Executive Summary

The primary objective of this report is just to display that I can work with the data and am on track to create a prediction algorithm. This report demonstrates that I have downloaded the data and have successfully loaded it in. It also summarizes basic statistics about the data sets, reports interesting findings, and proposes next steps for the prediction algorithm/app.

Exploratory Data Analysis

Loading the data from the source files.

  blogs <- readLines("en_US.blogs.txt")
  news <- readLines("en_US.news.txt")
  twitter <- readLines("en_US.twitter.txt")
## Warning in readLines("en_US.twitter.txt"): line 167155 appears to contain an
## embedded nul
## Warning in readLines("en_US.twitter.txt"): line 268547 appears to contain an
## embedded nul
## Warning in readLines("en_US.twitter.txt"): line 1274086 appears to contain an
## embedded nul
## Warning in readLines("en_US.twitter.txt"): line 1759032 appears to contain an
## embedded nul

Building a data frame to show the line count and word count for each source file.

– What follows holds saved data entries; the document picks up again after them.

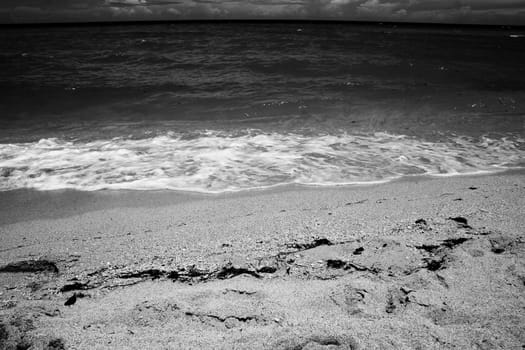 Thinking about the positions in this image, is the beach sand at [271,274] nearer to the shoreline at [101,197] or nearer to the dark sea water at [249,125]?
the shoreline at [101,197]

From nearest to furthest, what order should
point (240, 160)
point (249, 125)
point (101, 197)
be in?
1. point (101, 197)
2. point (240, 160)
3. point (249, 125)

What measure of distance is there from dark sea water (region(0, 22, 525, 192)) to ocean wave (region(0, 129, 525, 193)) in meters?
0.02

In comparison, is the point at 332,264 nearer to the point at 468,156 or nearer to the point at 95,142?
the point at 468,156

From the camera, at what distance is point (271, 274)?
2.33 metres

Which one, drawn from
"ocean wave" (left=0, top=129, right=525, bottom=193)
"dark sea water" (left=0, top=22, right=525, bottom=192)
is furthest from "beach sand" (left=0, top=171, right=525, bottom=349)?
"dark sea water" (left=0, top=22, right=525, bottom=192)

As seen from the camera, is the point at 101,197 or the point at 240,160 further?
the point at 240,160

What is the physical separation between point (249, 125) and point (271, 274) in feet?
17.5

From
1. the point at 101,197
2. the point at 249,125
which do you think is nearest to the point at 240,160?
the point at 101,197

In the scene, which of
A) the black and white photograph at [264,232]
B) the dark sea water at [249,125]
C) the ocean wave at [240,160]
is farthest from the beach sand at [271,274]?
the dark sea water at [249,125]

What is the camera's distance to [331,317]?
1.95 meters

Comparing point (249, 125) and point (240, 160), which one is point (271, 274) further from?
point (249, 125)

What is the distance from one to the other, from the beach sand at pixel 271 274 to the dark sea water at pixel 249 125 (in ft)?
3.33

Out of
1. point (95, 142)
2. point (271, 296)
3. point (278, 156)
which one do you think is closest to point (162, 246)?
point (271, 296)

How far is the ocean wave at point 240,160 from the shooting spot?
4355mm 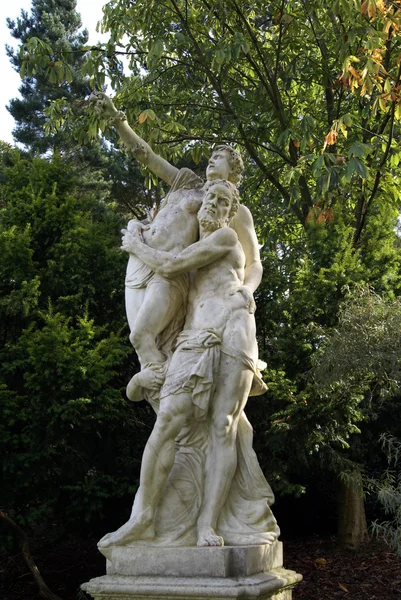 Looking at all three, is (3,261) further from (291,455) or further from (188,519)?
(188,519)

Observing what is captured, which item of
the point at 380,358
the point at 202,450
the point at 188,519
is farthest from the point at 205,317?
the point at 380,358

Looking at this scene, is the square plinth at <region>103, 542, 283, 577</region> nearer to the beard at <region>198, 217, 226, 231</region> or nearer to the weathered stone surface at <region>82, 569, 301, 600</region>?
the weathered stone surface at <region>82, 569, 301, 600</region>

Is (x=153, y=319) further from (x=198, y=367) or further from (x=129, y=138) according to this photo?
(x=129, y=138)

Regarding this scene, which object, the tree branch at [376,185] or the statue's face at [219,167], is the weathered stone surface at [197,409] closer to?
the statue's face at [219,167]

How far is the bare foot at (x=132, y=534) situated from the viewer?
4.03m

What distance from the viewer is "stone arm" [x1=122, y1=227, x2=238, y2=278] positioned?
4465 millimetres

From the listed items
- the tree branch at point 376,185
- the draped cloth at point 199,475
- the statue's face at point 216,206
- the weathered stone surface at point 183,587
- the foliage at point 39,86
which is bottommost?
the weathered stone surface at point 183,587

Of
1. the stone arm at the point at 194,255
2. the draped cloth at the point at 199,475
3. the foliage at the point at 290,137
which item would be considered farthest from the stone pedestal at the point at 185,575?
the foliage at the point at 290,137

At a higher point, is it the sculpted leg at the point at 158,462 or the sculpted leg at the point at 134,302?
the sculpted leg at the point at 134,302

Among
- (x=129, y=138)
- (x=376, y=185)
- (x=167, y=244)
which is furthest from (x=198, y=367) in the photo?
(x=376, y=185)

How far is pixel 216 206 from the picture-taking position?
15.0 feet

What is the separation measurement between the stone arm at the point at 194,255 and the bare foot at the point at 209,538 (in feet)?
4.70

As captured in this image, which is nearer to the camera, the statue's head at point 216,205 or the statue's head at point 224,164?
the statue's head at point 216,205

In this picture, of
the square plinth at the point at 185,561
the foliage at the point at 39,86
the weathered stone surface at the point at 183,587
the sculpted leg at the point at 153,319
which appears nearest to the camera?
the weathered stone surface at the point at 183,587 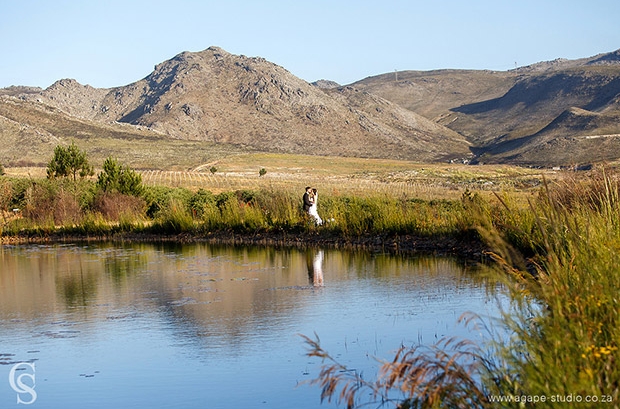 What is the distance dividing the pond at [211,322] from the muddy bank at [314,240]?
79 centimetres

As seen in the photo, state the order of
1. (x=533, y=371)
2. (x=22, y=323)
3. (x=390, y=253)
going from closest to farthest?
(x=533, y=371) < (x=22, y=323) < (x=390, y=253)

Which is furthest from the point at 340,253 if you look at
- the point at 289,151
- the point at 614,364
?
the point at 289,151

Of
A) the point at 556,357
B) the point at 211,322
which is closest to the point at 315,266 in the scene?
the point at 211,322

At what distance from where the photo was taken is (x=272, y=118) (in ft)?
577

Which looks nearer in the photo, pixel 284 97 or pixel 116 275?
pixel 116 275

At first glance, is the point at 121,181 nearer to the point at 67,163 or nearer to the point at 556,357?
the point at 67,163

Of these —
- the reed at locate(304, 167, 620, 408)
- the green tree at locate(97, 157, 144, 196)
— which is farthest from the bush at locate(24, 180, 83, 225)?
the reed at locate(304, 167, 620, 408)

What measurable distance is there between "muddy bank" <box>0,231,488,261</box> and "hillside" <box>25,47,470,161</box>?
132156 millimetres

summary <- data.frame(Source = c("Blogs", "News", "Twitter"), LineCount = c(length(blogs), length(news), length(twitter)), WordCount = c(sum(str_count(blogs, "\\S+")),sum(str_count(news, "\\S+")),sum(str_count(twitter, "\\S+"))))
summary

Visualizing the data with plots.

  ggplot(summary, aes(x = Source, y = LineCount, fill = Source)) +
  geom_bar(stat = "identity") +
  labs(title = "Line Count by Source", x = "Source File", y = "Line Count") 

  ggplot(summary, aes(x = Source, y = WordCount, fill = Source)) +
  geom_bar(stat = "identity") +
  labs(title = "Word Count by Source", x = "Source File", y = "Word Count") 

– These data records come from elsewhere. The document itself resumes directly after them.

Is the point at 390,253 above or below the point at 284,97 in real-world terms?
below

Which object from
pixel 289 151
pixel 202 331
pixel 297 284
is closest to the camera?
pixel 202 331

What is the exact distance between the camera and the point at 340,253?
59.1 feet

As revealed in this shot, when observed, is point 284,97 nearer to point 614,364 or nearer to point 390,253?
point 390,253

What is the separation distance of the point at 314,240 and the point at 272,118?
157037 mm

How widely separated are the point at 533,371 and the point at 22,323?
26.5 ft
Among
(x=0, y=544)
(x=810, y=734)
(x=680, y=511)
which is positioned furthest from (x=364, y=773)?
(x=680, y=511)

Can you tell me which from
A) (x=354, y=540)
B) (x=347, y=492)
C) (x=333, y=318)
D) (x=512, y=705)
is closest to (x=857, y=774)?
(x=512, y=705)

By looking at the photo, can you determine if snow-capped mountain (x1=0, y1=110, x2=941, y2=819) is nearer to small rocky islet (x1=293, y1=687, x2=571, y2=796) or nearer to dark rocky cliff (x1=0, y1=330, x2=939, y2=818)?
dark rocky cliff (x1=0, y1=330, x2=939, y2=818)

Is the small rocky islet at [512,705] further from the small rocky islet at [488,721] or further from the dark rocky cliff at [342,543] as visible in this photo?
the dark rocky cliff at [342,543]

  blogs_data <- tibble(Text = blogs) 
  blogs_words <- blogs_data %>% 
                  unnest_tokens(output = word, input = Text) 
  blogs_words <- blogs_words %>%
                   anti_join(stop_words)
## Joining with `by = join_by(word)`
  blogs_wordcounts <- blogs_words %>% count(word, sort = TRUE)
  blogs_wordcounts <- as.data.frame(blogs_wordcounts)
  top_blog_word <- head(blogs_wordcounts, 20)
  top_blog_word<-mutate(top_blog_word, word = reorder(word, n))
  ggplot(top_blog_word, aes(x=word, y=n)) + labs(x = "Word", y = "Word Count ", title = "Most Frequent Words in  Blogs \n") +geom_bar(stat = "identity")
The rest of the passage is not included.